(DATA EXTRACTS begins)
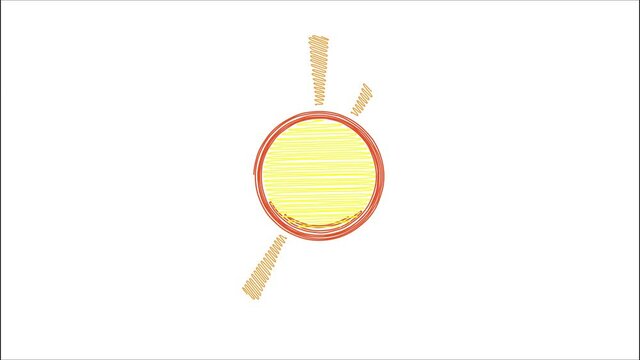 Hand drawn syn symbol in hatching, scribe style, animation of colorful sun doodle, continuous line animated.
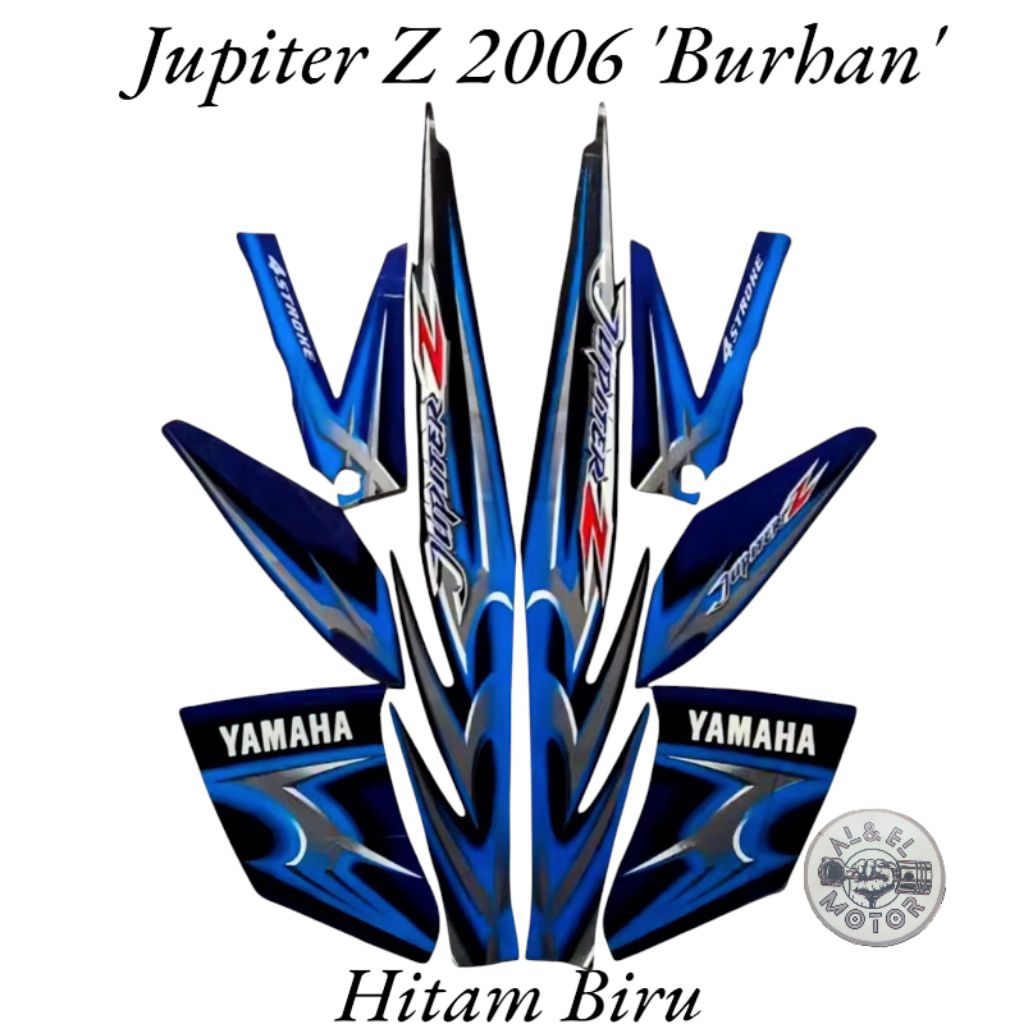 Stiker Striping Body Motor Yamaha Jupiter z burhan 2006 Hitam Biru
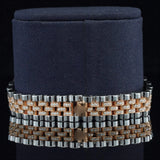 Back View of Datejust Style Moissanite Watch 41mm – Yellow Dial Rose Gold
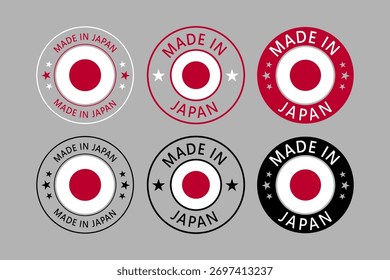 Japão Feito em Carimbo em círculo com bandeira Modelo vetor no fundo branco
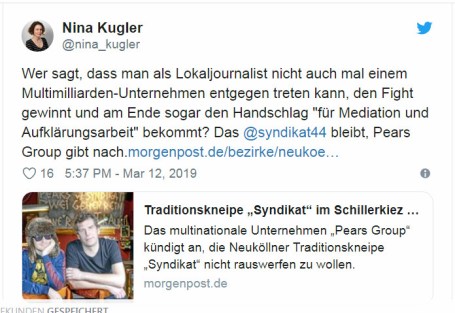2019-03-12 Nina Kugler von der Morgenpost - Retterin des Syndikats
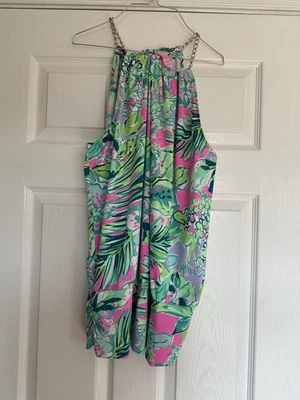 Top halter floral tropical Lilly Pulitzer talla grande correas de cadena dorada. Foto 1 de 3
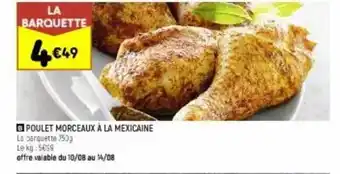 Leader Price Poulet morceaux à la mexicaine offre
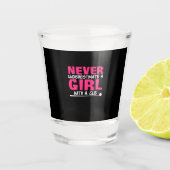 Billiardspeler | Pool Billiards Girl met ue Shot Glas (Voorkant)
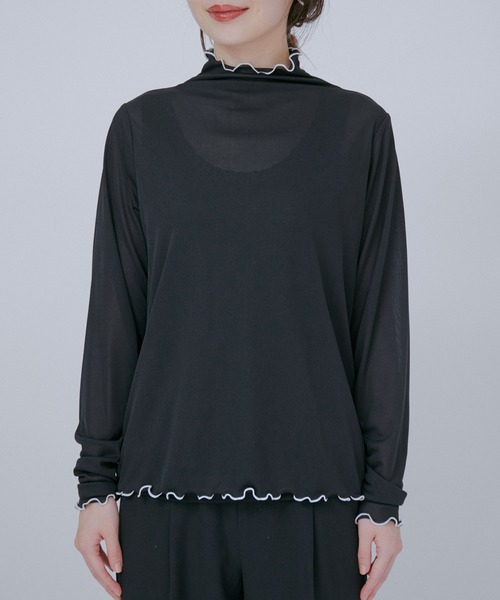 VIS(ビス)の「【洗える】前後2WAYシアーハイネックメローインナー(Tシャツ/カットソー・レディース・ホワイト/ブラック/ホワイト系その他・FREE)」の20枚目の写真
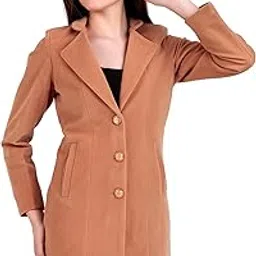 brazo Women’s Long Winter Coat |Classic Professional Style, Wool Blend Overcoat with Notch Lapel & Button Closure | Stylish Formal & Casual Wear-picture-22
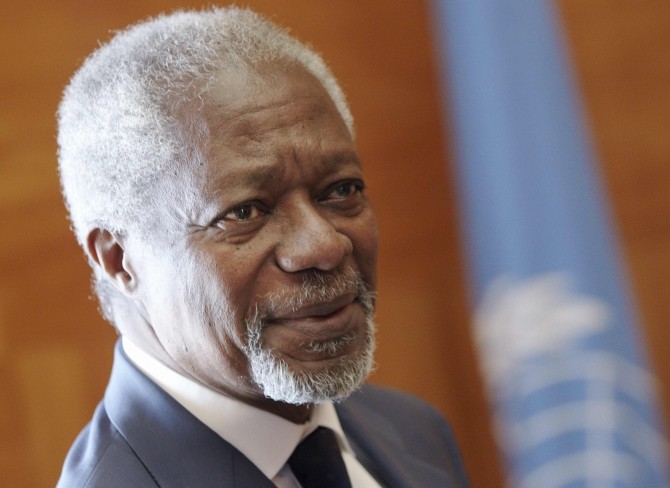 The Joint Special Envoy for Syria Annan waits for a guest before a meeting at the UN in Geneva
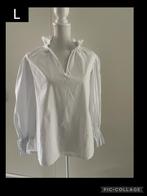 Witte blouse met ruches - Maat L, Kleding | Dames, Ophalen of Verzenden, Zo goed als nieuw, Maat 42/44 (L), Wit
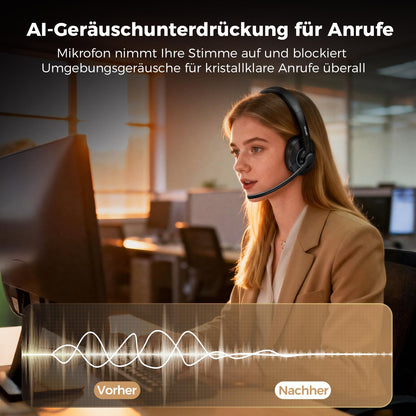 TECKNET V6.0 Bluetooth Headset mit Mikrofon, AI Noise Cancelling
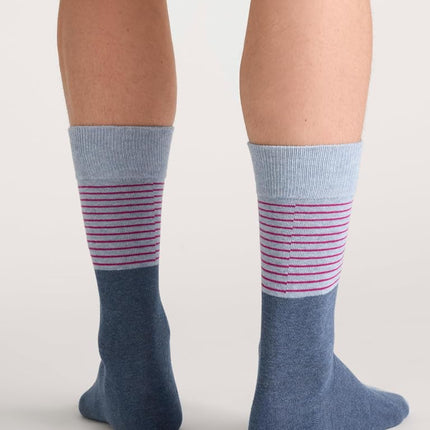Ted Baker Men's 3 Pack Pattern Crew Dress Socks, Lt Denim Heather/Navy/Cashmere Blue, One Size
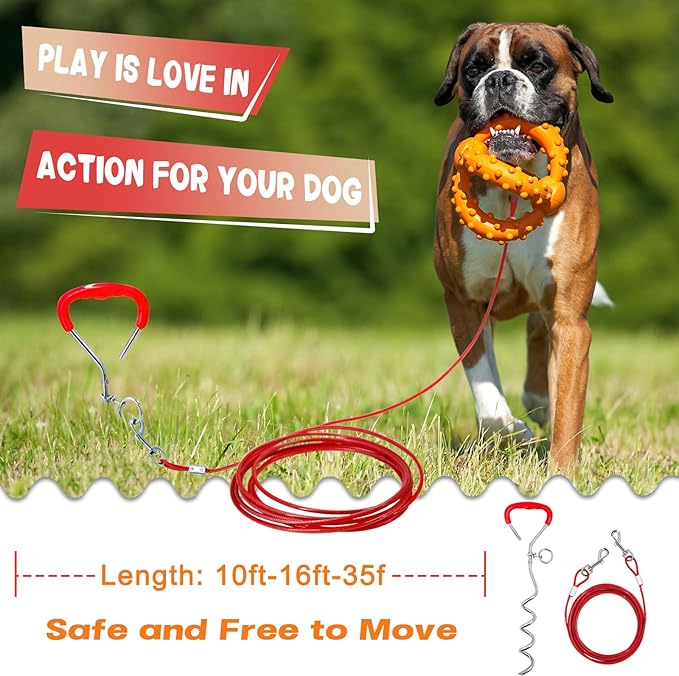 Supet Dog Tie Out Cable and Stake 32/16/10 ft Outdoor, Yard and Camping, for Medium to Large Dogs Up to 125 lbs, 16" Stake, 32/16/10 ft Cable with Durable Spring and Metal Hooks for Outdoor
(DATA EXTRACTS ends)
Everything in the listing above, apart from its pictures, must be repeated exactly.

 Hand drawn syn symbol in hatching, scribe style, animation of colorful sun doodle, continuous line animated.
 Stiker Striping Body Motor Yamaha Jupiter z burhan 2006 Hitam Biru
 Back View of Datejust Style Moissanite Watch 41mm – Yellow Dial Rose Gold
 Japão Feito em Carimbo em círculo com bandeira Modelo vetor no fundo branco
2019-03-12 Nina Kugler von der Morgenpost - Retterin des Syndikats
 Top halter floral tropical Lilly Pulitzer talla grande correas de cadena dorada. Foto 1 de 3
 Leader Price Poulet morceaux à la mexicaine offre
 Billiardspeler | Pool Billiards Girl met ue Shot Glas (Voorkant)
 VIS(ビス)の「【洗える】前後2WAYシアーハイネックメローインナー(Tシャツ/カットソー・レディース・ホワイト/ブラック/ホワイト系その他・FREE)」の20枚目の写真
 brazo Women’s Long Winter Coat |Classic Professional Style, Wool Blend Overcoat with Notch Lapel & Button Closure | Stylish Formal & Casual Wear-picture-22
 The Joint Special Envoy for Syria Annan waits for a guest before a meeting at the UN in Geneva
 Witte blouse met ruches - Maat L, Kleding | Dames, Ophalen of Verzenden, Zo goed als nieuw, Maat 42/44 (L), Wit
 TECKNET V6.0 Bluetooth Headset mit Mikrofon, AI Noise Cancelling
Ted Baker Men's 3 Pack Pattern Crew Dress Socks, Lt Denim Heather/Navy/Cashmere Blue, One Size
 Supet Dog Tie Out Cable and Stake 32/16/10 ft Outdoor, Yard and Camping, for Medium to Large Dogs Up to 125 lbs, 16" Stake, 32/16/10 ft Cable with Durable Spring and Metal Hooks for Outdoor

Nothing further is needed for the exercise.